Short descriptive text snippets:
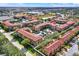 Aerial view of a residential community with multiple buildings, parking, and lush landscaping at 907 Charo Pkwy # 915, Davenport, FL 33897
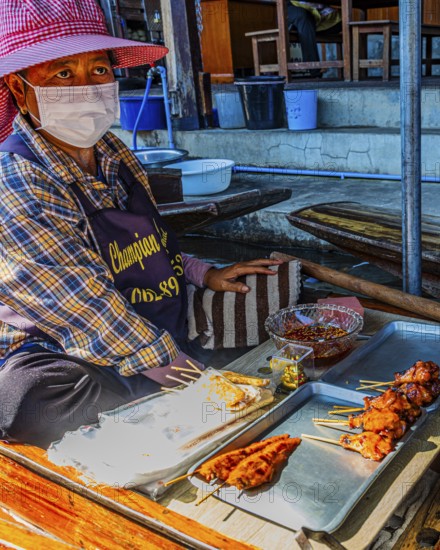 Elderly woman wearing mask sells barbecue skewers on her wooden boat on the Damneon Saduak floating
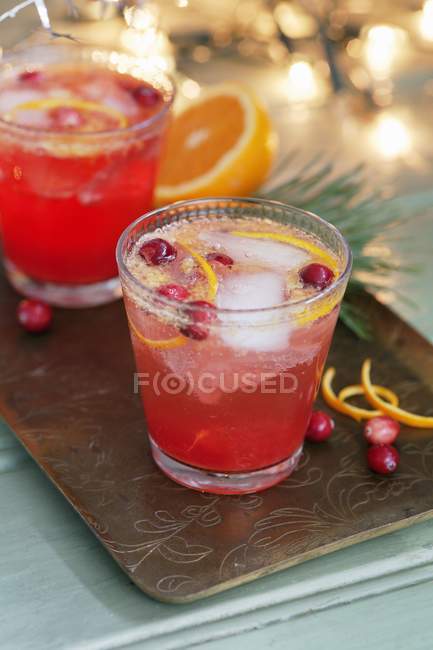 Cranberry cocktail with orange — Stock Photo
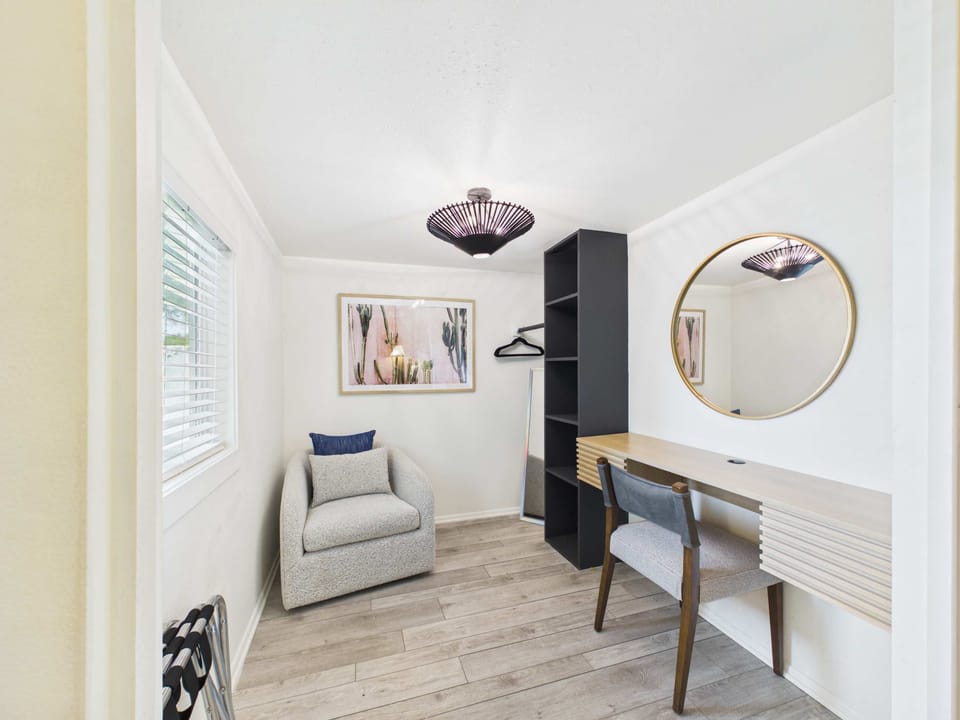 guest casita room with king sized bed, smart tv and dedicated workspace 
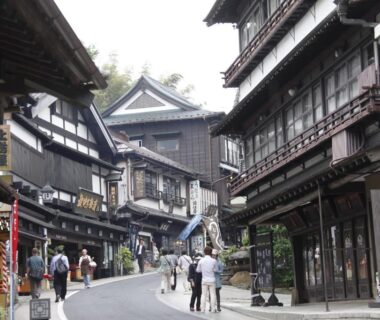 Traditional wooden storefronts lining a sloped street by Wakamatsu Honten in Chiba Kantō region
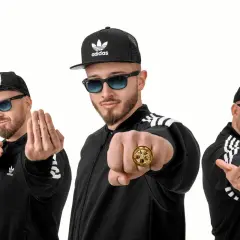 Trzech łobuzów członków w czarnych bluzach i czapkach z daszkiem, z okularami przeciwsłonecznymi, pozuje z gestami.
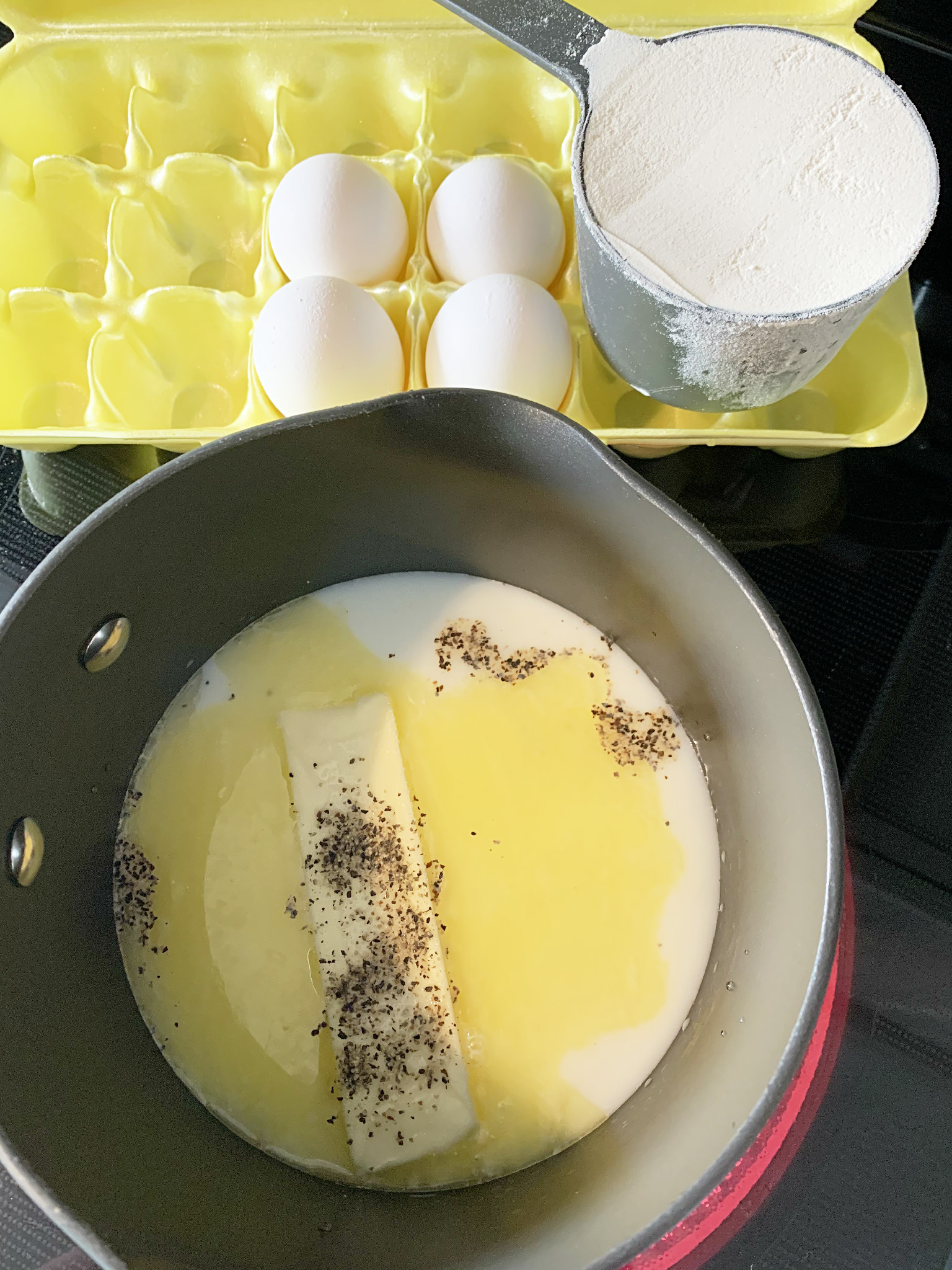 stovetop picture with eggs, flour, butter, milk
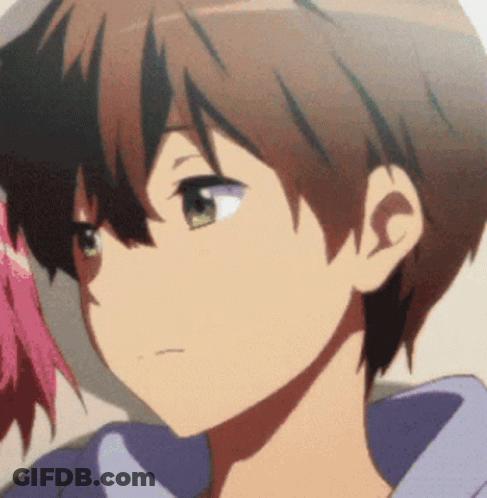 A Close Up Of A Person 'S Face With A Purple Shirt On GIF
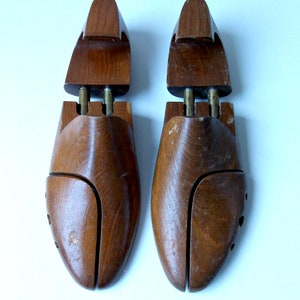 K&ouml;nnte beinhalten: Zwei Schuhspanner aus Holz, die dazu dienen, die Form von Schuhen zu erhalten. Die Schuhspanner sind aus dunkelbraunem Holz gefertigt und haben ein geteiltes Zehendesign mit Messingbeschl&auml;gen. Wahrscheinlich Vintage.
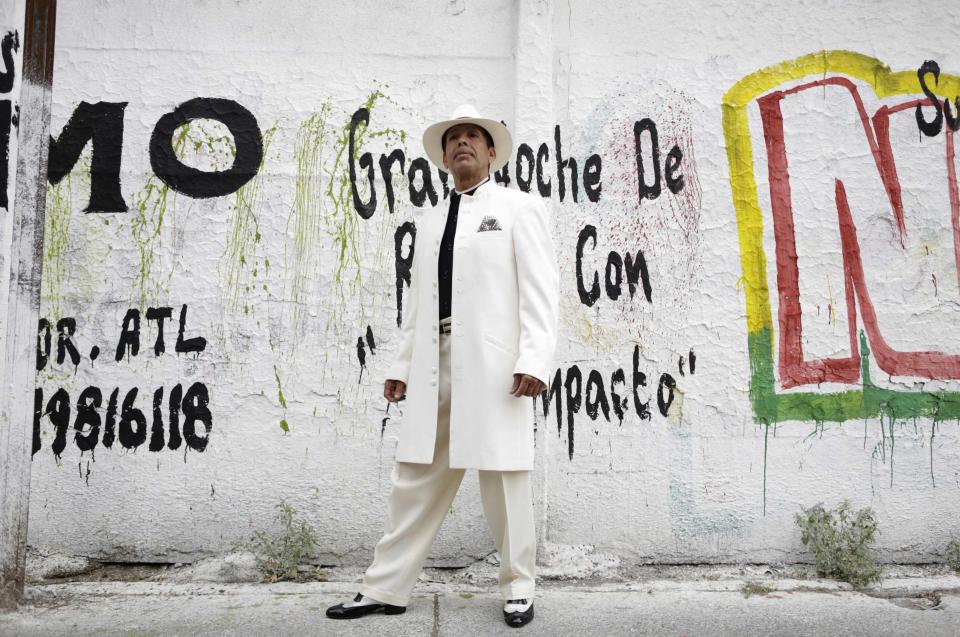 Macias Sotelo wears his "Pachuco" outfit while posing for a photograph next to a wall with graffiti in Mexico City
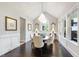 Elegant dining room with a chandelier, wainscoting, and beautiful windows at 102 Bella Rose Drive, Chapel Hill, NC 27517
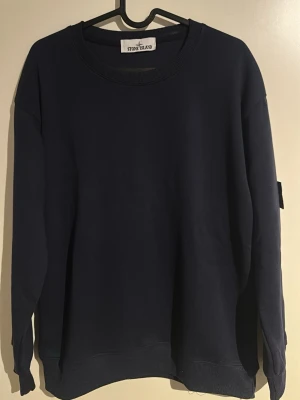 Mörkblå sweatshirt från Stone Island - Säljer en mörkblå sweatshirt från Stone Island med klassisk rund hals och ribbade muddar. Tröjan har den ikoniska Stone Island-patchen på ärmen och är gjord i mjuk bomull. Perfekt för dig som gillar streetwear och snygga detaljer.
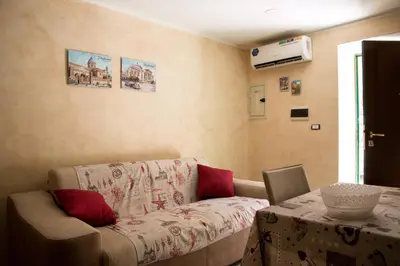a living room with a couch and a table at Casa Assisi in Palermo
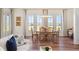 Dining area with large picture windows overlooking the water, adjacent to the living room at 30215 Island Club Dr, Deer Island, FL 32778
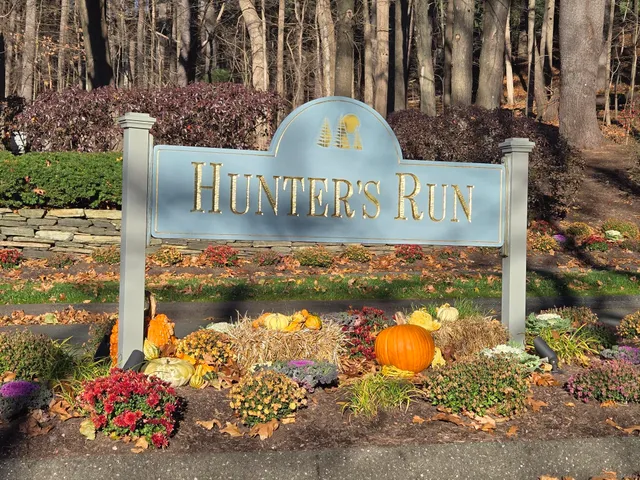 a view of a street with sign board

DIRECTIONS FOR THIS TASK
Reproduce the entries above exactly, though not their pictures.

SOLUTION TO THE PROBLEM
 Aerial view of a residential community with multiple buildings, parking, and lush landscaping at 907 Charo Pkwy # 915, Davenport, FL 33897
 Elderly woman wearing mask sells barbecue skewers on her wooden boat on the Damneon Saduak floating
 Cranberry cocktail with orange — Stock Photo
 guest casita room with king sized bed, smart tv and dedicated workspace 
 Traditional wooden storefronts lining a sloped street by Wakamatsu Honten in Chiba Kantō region
 Trzech łobuzów członków w czarnych bluzach i czapkach z daszkiem, z okularami przeciwsłonecznymi, pozuje z gestami.
 stovetop picture with eggs, flour, butter, milk
 A Close Up Of A Person 'S Face With A Purple Shirt On GIF
 K&ouml;nnte beinhalten: Zwei Schuhspanner aus Holz, die dazu dienen, die Form von Schuhen zu erhalten. Die Schuhspanner sind aus dunkelbraunem Holz gefertigt und haben ein geteiltes Zehendesign mit Messingbeschl&auml;gen. Wahrscheinlich Vintage.
 Macias Sotelo wears his "Pachuco" outfit while posing for a photograph next to a wall with graffiti in Mexico City
 Elegant dining room with a chandelier, wainscoting, and beautiful windows at 102 Bella Rose Drive, Chapel Hill, NC 27517
 Mörkblå sweatshirt från Stone Island - Säljer en mörkblå sweatshirt från Stone Island med klassisk rund hals och ribbade muddar. Tröjan har den ikoniska Stone Island-patchen på ärmen och är gjord i mjuk bomull. Perfekt för dig som gillar streetwear och snygga detaljer.
a living room with a couch and a table at Casa Assisi in Palermo
 Dining area with large picture windows overlooking the water, adjacent to the living room at 30215 Island Club Dr, Deer Island, FL 32778
 a view of a street with sign board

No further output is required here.